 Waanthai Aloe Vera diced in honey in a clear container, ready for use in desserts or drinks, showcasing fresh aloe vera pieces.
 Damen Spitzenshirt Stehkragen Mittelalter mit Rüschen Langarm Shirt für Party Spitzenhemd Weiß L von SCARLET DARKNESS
==
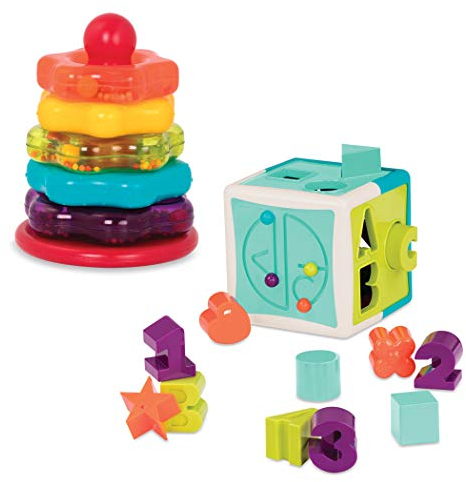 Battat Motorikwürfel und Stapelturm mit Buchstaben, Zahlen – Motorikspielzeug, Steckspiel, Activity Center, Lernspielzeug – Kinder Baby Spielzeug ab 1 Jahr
--
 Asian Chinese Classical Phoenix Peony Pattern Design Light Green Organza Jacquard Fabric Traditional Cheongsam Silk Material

(Task requirements) Would you please repeat exactly the lines above, starting at the line with "Waanthai Aloe Vera" and stopping at the line with "Damen Spitzenshirt Stehkragen", both included?

(Task result)
 Waanthai Aloe Vera diced in honey in a clear container, ready for use in desserts or drinks, showcasing fresh aloe vera pieces.
 Damen Spitzenshirt Stehkragen Mittelalter mit Rüschen Langarm Shirt für Party Spitzenhemd Weiß L von SCARLET DARKNESS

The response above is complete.